THE TEMPEST.

1 How is man parcelled out! how every hour
Shows him himself, or something he should see!
This late, long heat may his instruction be;
And tempests have more in them than a shower.

When nature on her bosom saw
Her infants die,
And all her flowers withered to straw,
Her breasts grown dry;
She made the earth, their nurse and tomb,
Sigh to the sky,
Till to those sighs, fetched from her womb,
Rain did reply;
So in the midst of all her fears
And faint requests,
Her earnest sighs procured her tears
And filled her breasts.

2 Oh that man could do so! that he would hear
The world read to him! all the vast expense
In the creation shed and slaved to sense,
Makes up but lectures for his eye and ear.

3 Sure mighty Love, foreseeing the descent
Of this poor creature, by a gracious art
Hid in these low things snares to gain his heart,
And laid surprises in each element.

4 All things here show him heaven; waters that fall
Chide and fly up; mists of corruptest foam
Quit their first beds and mount; trees, herbs, flowers, all
Strive upwards still, and point him the way home.

5 How do they cast off grossness? only earth
And man, like Issachar, in loads delight,
Water's refined to motion, air to light,
Fire to all three,[1] but man hath no such mirth.

6 Plants in the root with earth do most comply,
Their leaves with water and humidity,
The flowers to air draw near and subtilty,
And seeds a kindred fire have with the sky.

7 All have their keys and set ascents; but man
Though he knows these, and hath more of his own,
Sleeps at the ladder's foot; alas! what can
These new discoveries do, except they drown?
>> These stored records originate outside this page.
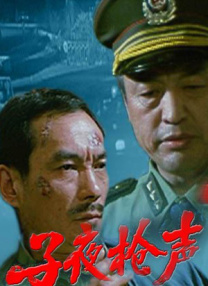 琪琪午夜伦理影院7777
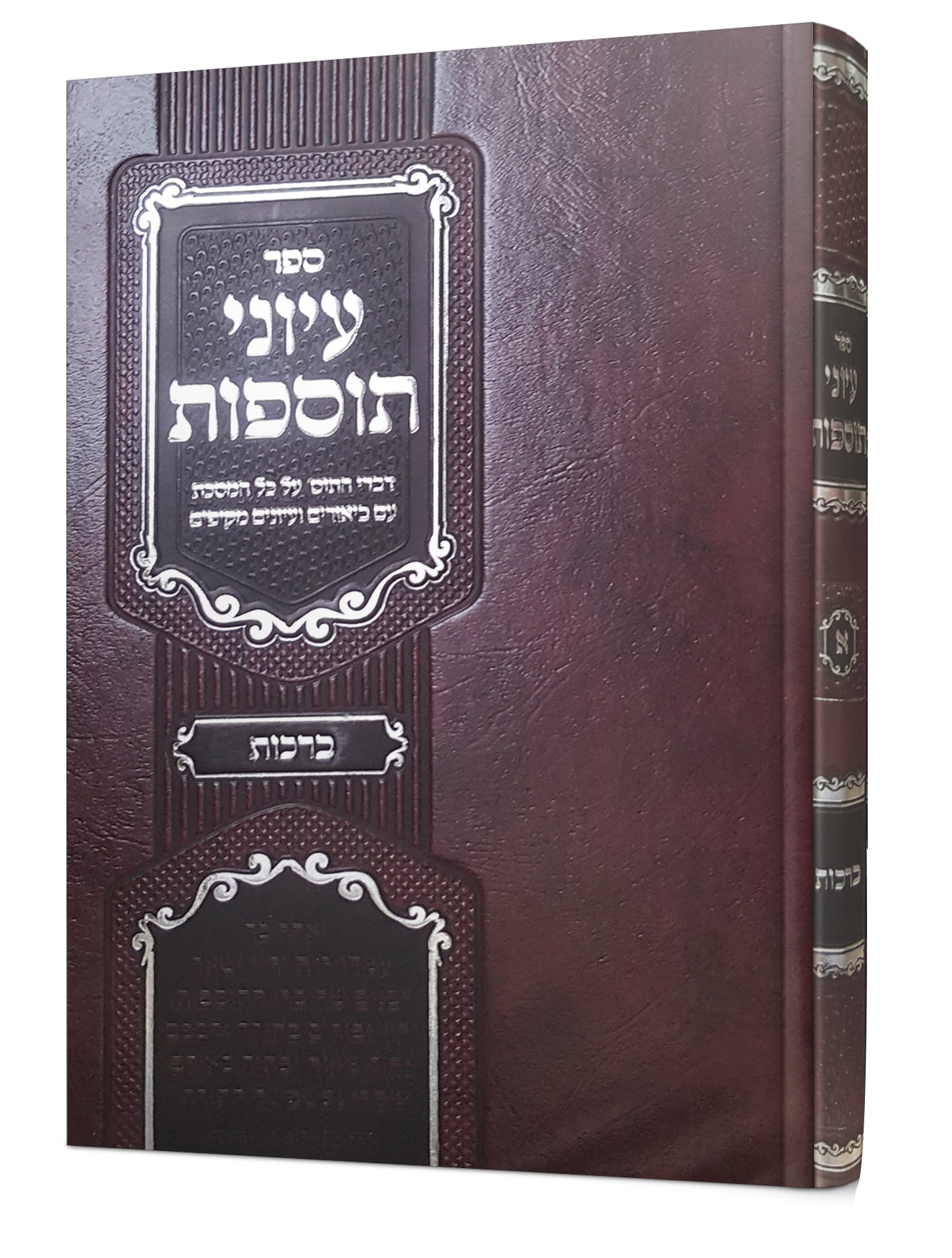 עיוני תוספות - ברכות / הרב י.מ קרויס שליט"א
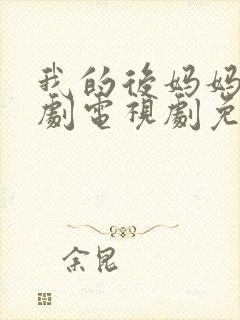 我的后妈妈妈韩剧电视剧免费观看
8 Thus, grovelling in the shade and darkness, he
Sinks to a dead oblivion; and though all
He sees, like pyramids, shoot from this ball,
And lessening still, grow up invisibly,

9 Yet hugs he still his dirt; the stuff he wears,
And painted trimming, takes down both his eyes;
Heaven hath less beauty than the dust he spies,
And money better music than the spheres.

10 Life's but a blast; he knows it; what? shall straw
And bulrush-fetters temper his short hour?
Must he nor sip nor sing? grows ne'er a flower
To crown his temples? shall dreams be his law?

11 O foolish man! how hast thou lost thy sight?
How is it that the sun to thee alone
Is grown thick darkness, and thy bread a stone?
Hath flesh no softness now? mid-day no light?

12 Lord! thou didst put a soul here. If I must
Be broke again, for flints will give no fire
Without a steel, oh, let thy power clear
Thy gift once more, and grind this flint to dust!